In recent years, I’ve believed that one of the dumbest things you can do with marketing is to cold call “prospects” hoping for business. Beyond the rejection stress, in the era of voice mail and a culture that we don’t need to respond to inbound solicitation calls, the reward-for-effort suggests futility.
Friedman talked with marketing representatives of two organizations, 900-person engineering/architect firm SSOE in Toledo, OH, and architecture planning/program management firm, The Jones Payne Group (JPG)?in Boston, MA. Both have been working with phone lead generators (that is, telemarketers) to set up appointments or develop a list of organizations willing to receive more information.
The programs appear to be succeeding, but this is not blockbuster/massive success — and it comes at a cost — namely the fees for the lead generators (and, unsaid in the article, the possible reputation cost of intrusion/irritation from people who don’t want to receive these calls.)
The key to success appears to be (a) well-targeted and planned calls — this isn’t taking massive business directories and calling everyone on the list and (b) a proposition that lends itself to further interest and follow-up, with enough integration between the lead generating business and the hiring company that the “elevator speech” and message comes off as authentic (the lead generators always say they are calling “on behalf of” the practice that hired them.
“For JPG, the 100 calls resulted in 10 meetings and another 15 developers who asked for additional information,” Friedman wrote. ?”Fifteen developers received additional information.”
“I’ve been keeping in close touch with six of he 10 developers and am getting an RFP from one,” says (Sarah) Degutis, (JPG’s architectural practice lead). “But this isn’t just about lead generation.
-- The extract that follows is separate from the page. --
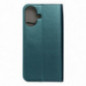 Apple iPhone 16 Portefeuilles Smart Magneto book Vert foncé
There’s the aspect of focused market research,” adds (JPG president Michael) Payne. “InTeleSearch gathers valuable information?about the prospective client, what they outsource, and to whom. We’re testing the marketplace for a potential project type to determine whether there’s sufficient demand.”
In this context, using outside vendors to gather information and leads certainly can make sense. Just remember the numbers still aren’t overwhelming. The effort to develop a quality list of 100 potential prospects, the fees in hiring the outside service, and the stress and effort in this case have so far resulted in just one RFP request — and who knows if that will succeed, especially if there are any other well-connected competitors out there?
Another way of looking at things is from our own business perspective where, in the US, we combine offshore-based data researchers (at about $2.75 US an hour) and broadcast emails (that would be illegal in Canada, but are quite okay in the US), to populate our database and create some special offers. These generally don’t produce much in the way of results, but the revenue for effort still makes it worthwhile. However, our results are always several orders of magnitude better when we combine our data-mining processes with real human connections and conversations with individuals in centres of influence. When we rebuild our offers with the relevant valid references, sales skyrocket.
So maybe cold calling isn’t dead. Just be aware of its limitations, and that if it is to be applied correctly, it needs to be associated with thoughtful, relationship-focused strategies.